EXERCISE INSTRUCTIONS: Reproduce exactly the lines from the one containing "Used Mercedes-Benz A-Class" through the end of the listing, minus the pictures.

---- INPUT DATA

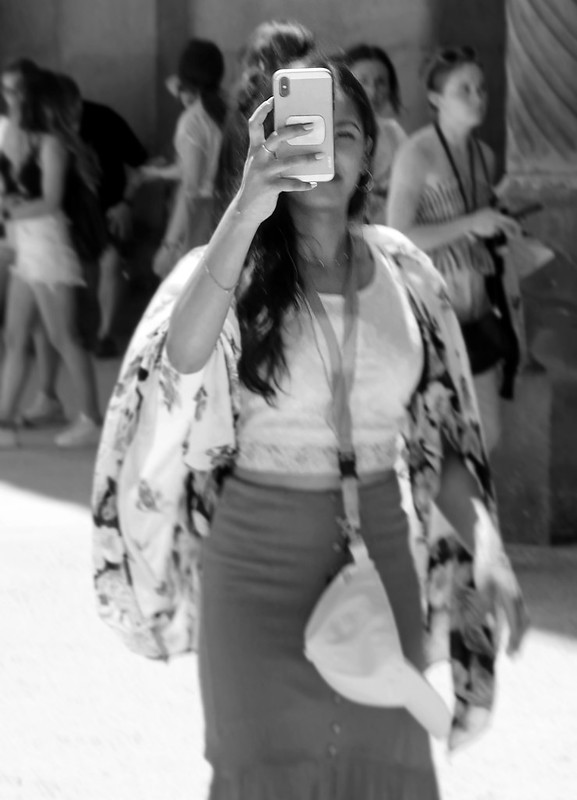 Shooting me shooting her - Sagrada Familia, Barcelona, Spain<br/>© <a href="https://flickr.com/people/48762421@N00" target="_blank" rel="nofollow">48762421@N00</a> (<a href="https://flickr.com/photo.gne?id=48746152628" target="_blank" rel="nofollow">Flickr</a>)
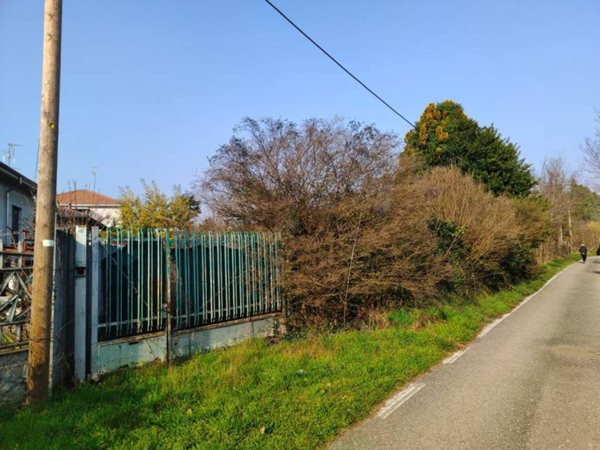 terreno edificabile in vendita a Busto Arsizio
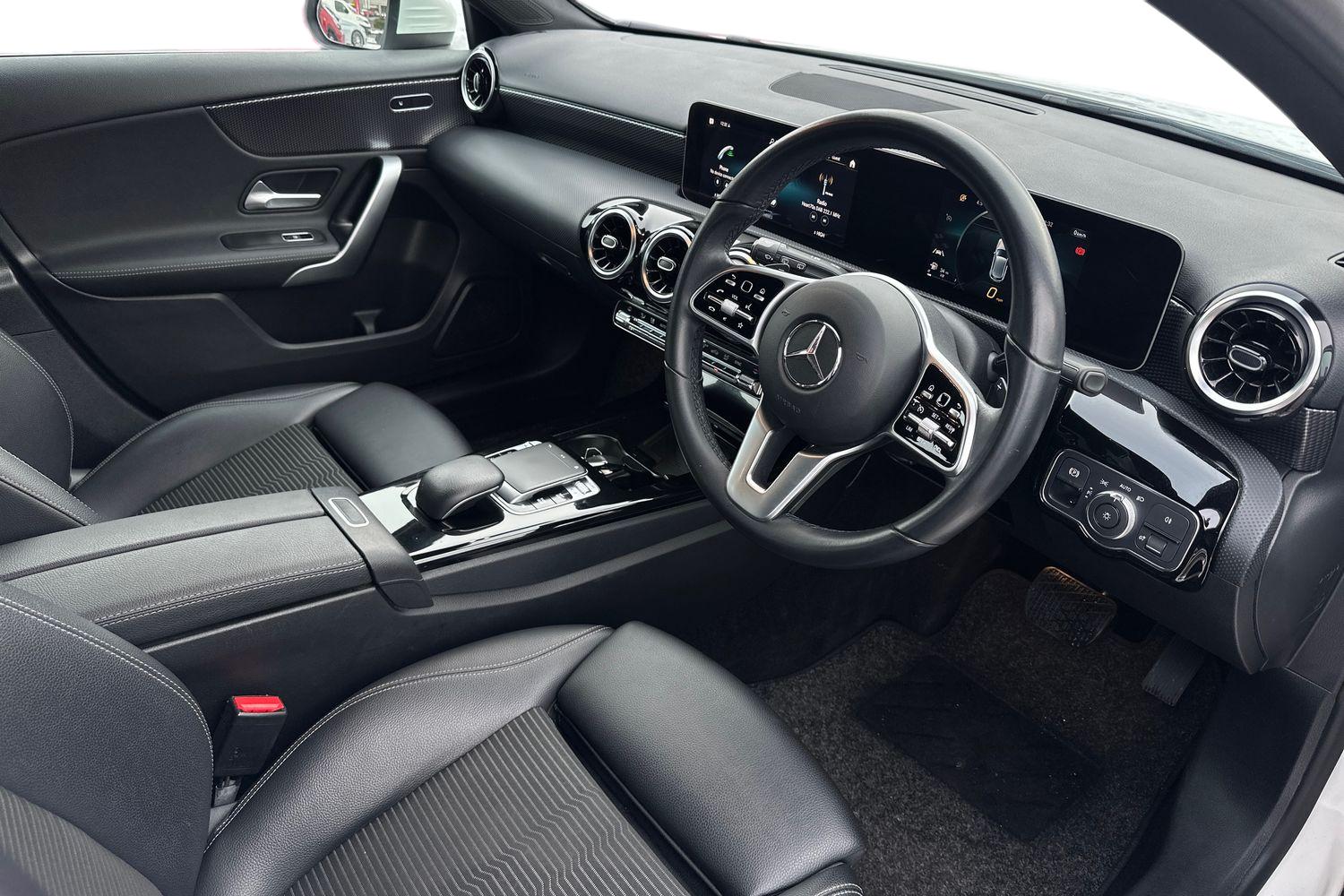 Used Mercedes-Benz A-Class 2018 for sale - 77219915: Photo 2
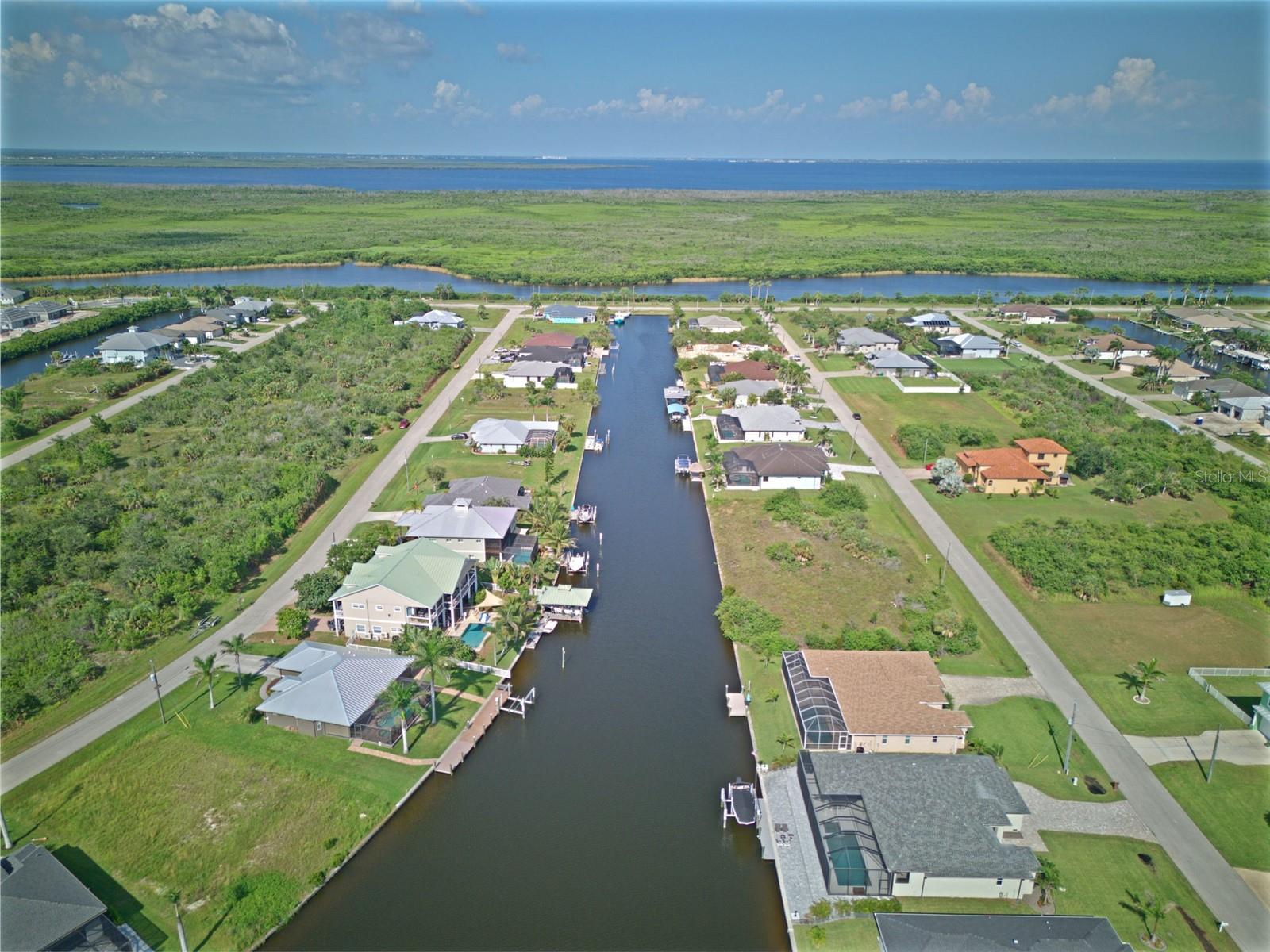 15482 MEACHAM CIR, PORT CHARLOTTE, FL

--------

THE ANSWER:
 Used Mercedes-Benz A-Class 2018 for sale - 77219915: Photo 2
 15482 MEACHAM CIR, PORT CHARLOTTE, FL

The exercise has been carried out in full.